I have an idea for an essay brewing. It’s based on a comment an editor wrote on another essay. There was a section about breastfeeding and she commented on how the section made clear the ways in which breastfeeding can be read as a metaphor for motherhood. Intimate, but public, personal, nourishing. As I was tucking Thea in tonight, worrying if I’d gotten enough sleep, eaten enough calories or had enough water to keep my supply up, I realized something else–you have to take care of yourself at least a little bit. I hate the phrase “self-care,” but that’s the idea.
Yesterday, I struggled for a long time trying to figure out how to spell “everything”. Was there an “e” after the “v”? Later, I realized this might be an indication that my coffee-fueled paragraphs are not quite as polished as they feel at 5am.
In Robert Olen Butler’s From Where You Dream, he advocates for writing in a half-asleep early morning haze. Before you’ve checked the news (this morning I woke up wondering if Trump was still President. Turns out, unfortunately, he is) or your email or even had coffee (can’t take it that far), just write. That writing is more intuitive, natural, playful, and authentic.
So, I’ll think about that when I wonder, as I’m nursing Simon, if I shouldn’t wait to write anything until I remember how to spell “everything.”
I was just sitting on the couch, looking around at the scattering of Calico Critters and breast pump accessories and the dirty swaddling blanket hanging out of the Pack and Play. I thought about lighting a fire in the fireplace, but it kind of seems too hideously cluttered to add even a fireplace to the visual. I was missing a free-of-clutter house when I remembered that last night, in response to our daily “What was the best part of your day?” Thea said “um, play with hops!”
On the recommendation of a high school friend, I’ve been reading Love is a Mixtape while I’m nursing/running/in the three seconds before I fall asleep at night. It’s a good book for me right now. In these exhausted days of newborn-parenthood as a reminder of how short life might be. In 2017 as a portal to the early 90s, from the Trump era to one in which the coolest girl I knew had a “Subvert the Dominant Paradigm” bumper sticker on her Honda Civic. In the square middle of adulthood to early-twenties nights in college towns to the soundtrack of Pavement.
One of the (many) songs the book has brought back into my life is Everything But the Girl’s “We Walk the Same Line.”
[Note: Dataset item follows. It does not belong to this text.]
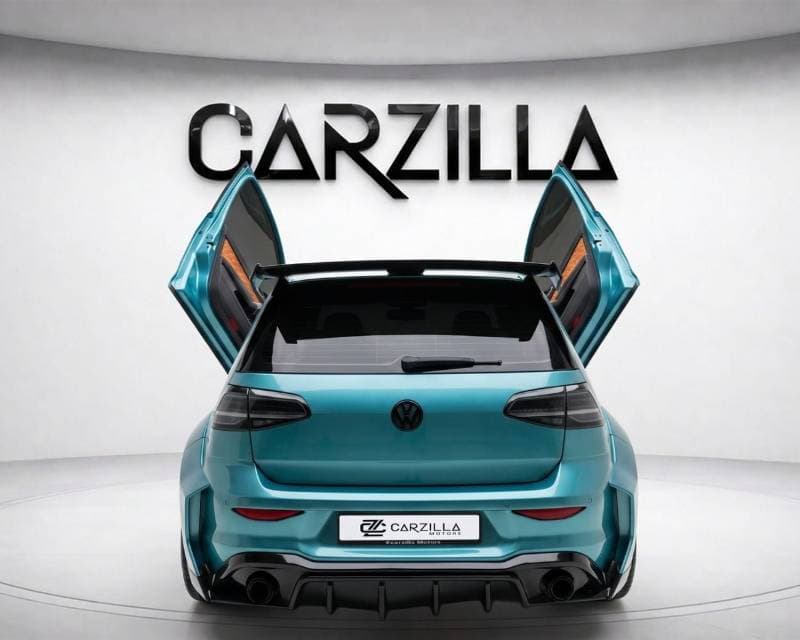 2015 Volkswagen Golf GTI SEL thumbnail 3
In high school, my best friend and I loved this song. I felt like we’d discovered Everything But the Girl, even though everyone knew “Missing,” because it was a B-Side. We drove around Connecticut’s poorly lit state highways, buying 89-cent gas to “We Walk the Same Line,” with near-obsession confessional talks of fears and hopes and secrets.
At the time, whether I thought this consciously or not, the song might have been about our friendship. Now, seventeen years later, on Valentine’s morning, I sent it to my old friend. I also sent it to my husband. And sang it to my son. Certainly nostalgia is playing a (heavy?) hand in my feeling of connection to this song, but right now I think this is the ultimate, versatile love song.
From Marilynne Robinson’s Paris Review interview:
In this culture, essays are often written for the sake of writing the essay. Someone finds a quibble of potential interest and quibbles about it. This doesn’t mean the writer isn’t capable of doing something of greater interest, but we generate a lot of prose that’s not vital. The best essays come from the moment in which people really need to work something out.
I’ve been thinking a lot about the way friendship, not specific friendships, but friendship in general, changes as we age. For me at least, after early childhood friendships forged on the convenience of neighborhoods or parents’ relationships, the friends I made in the years between middle school and early adulthood had a kind of intensity that it’s hard to imagine in a new friendship as an adult.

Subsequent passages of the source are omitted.